**YOUR INSTRUCTIONS**
Leave out the pictures, and reproduce exactly the lines from the line containing "おもしろいサケハートとカラフル花 ラッピングペーパー (フラット)" through the final line of the entries.

**SUPPLIED DATA**
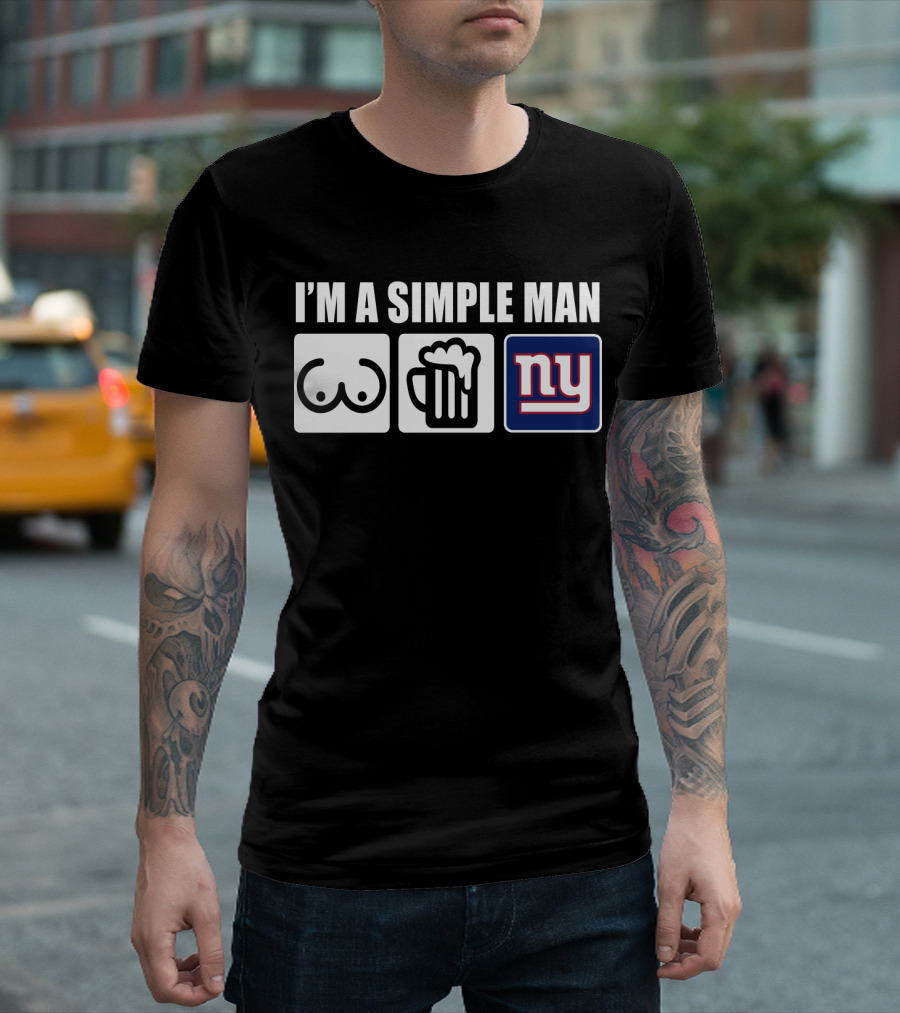 I'M A SIMPLE MAN BEER FOOTBALL GIANTS T-Shirt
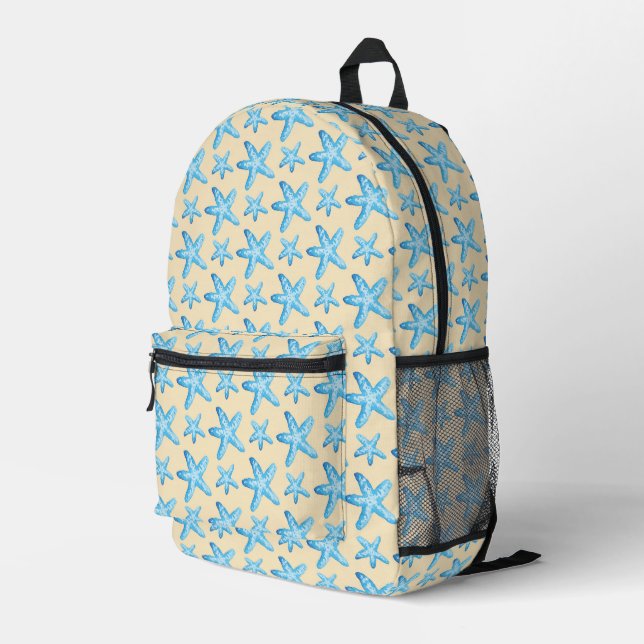 Blaues Sternenfisch-Muster Bedruckter Rucksack (Rückseitige Ecke Rechts)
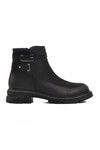Black Nubuck Genuine Leather Womens Boots 24410050K Z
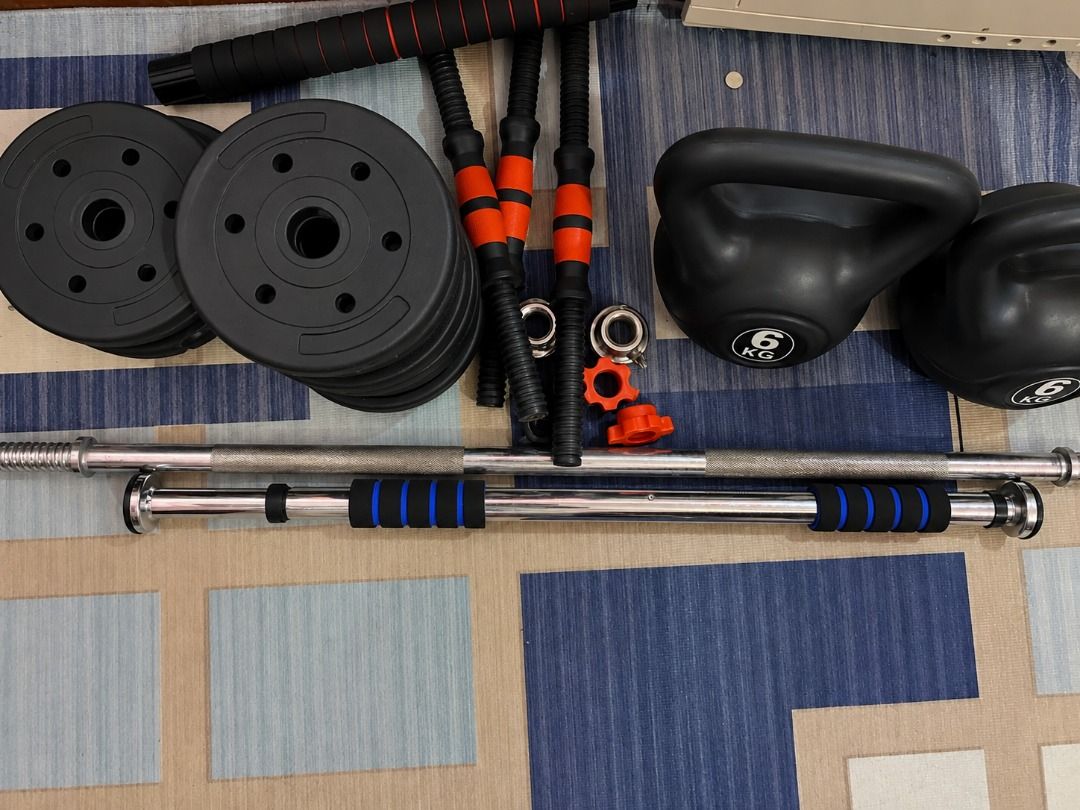 DECLUTTERING HOME GYM SET - 3.5K PHP NEGOTIABLE (Category: Weights & Dumbbells) located in Bulacan. Submitted by sabbyjuno (Listing ID 1461045123, Image 1). Description: ₱3,500 negotiable rfs: I don't really do home workouts anymore since my gym is literally near my house lol these have just been sitting around and I figured someone else might actually get good use out of them!! 🙂 perfect if you're trying to build a home gym / home workout setup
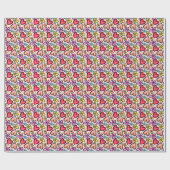 おもしろいサケハートとカラフル花 ラッピングペーパー (フラット)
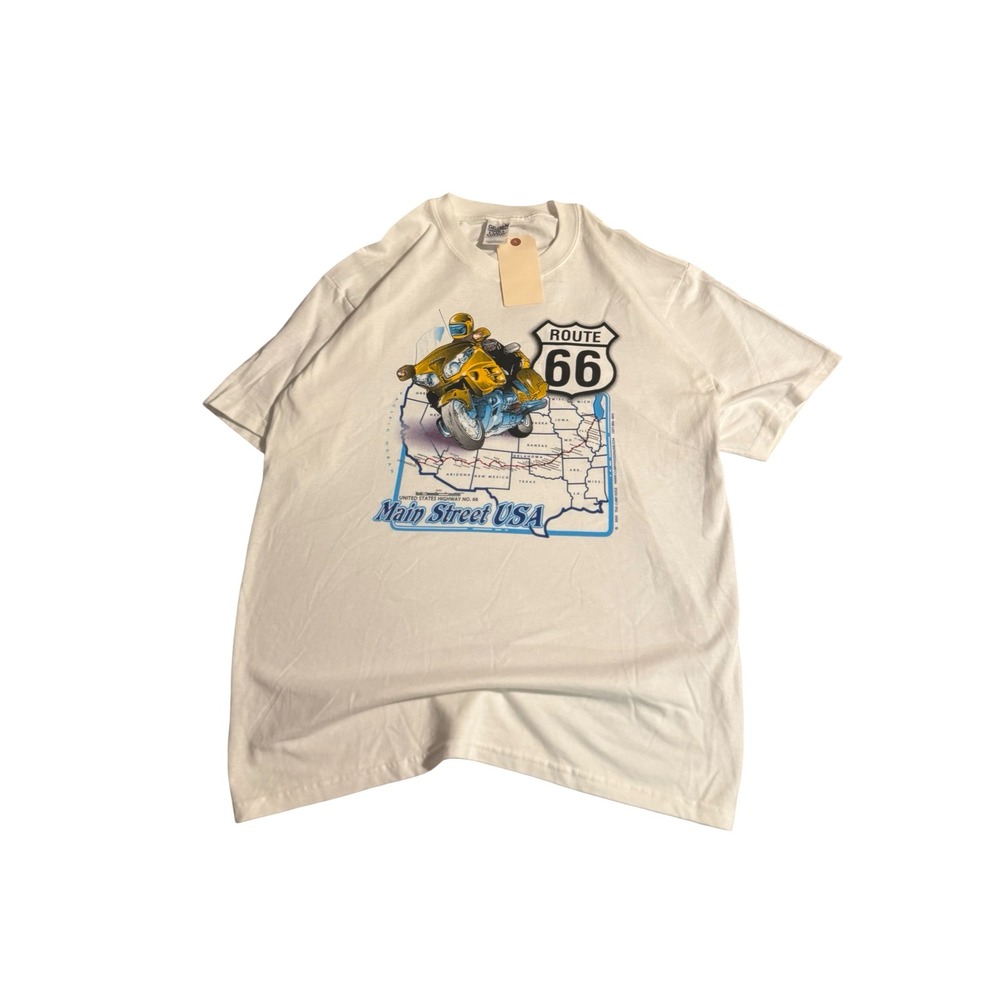 Vintage 2001 Route 66 Main Street USA Motorcycle T-Shirt White Y2K Large NEW - Picture 3 of 8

**OUTPUT FOR THIS TASK**
 おもしろいサケハートとカラフル花 ラッピングペーパー (フラット)
 Vintage 2001 Route 66 Main Street USA Motorcycle T-Shirt White Y2K Large NEW - Picture 3 of 8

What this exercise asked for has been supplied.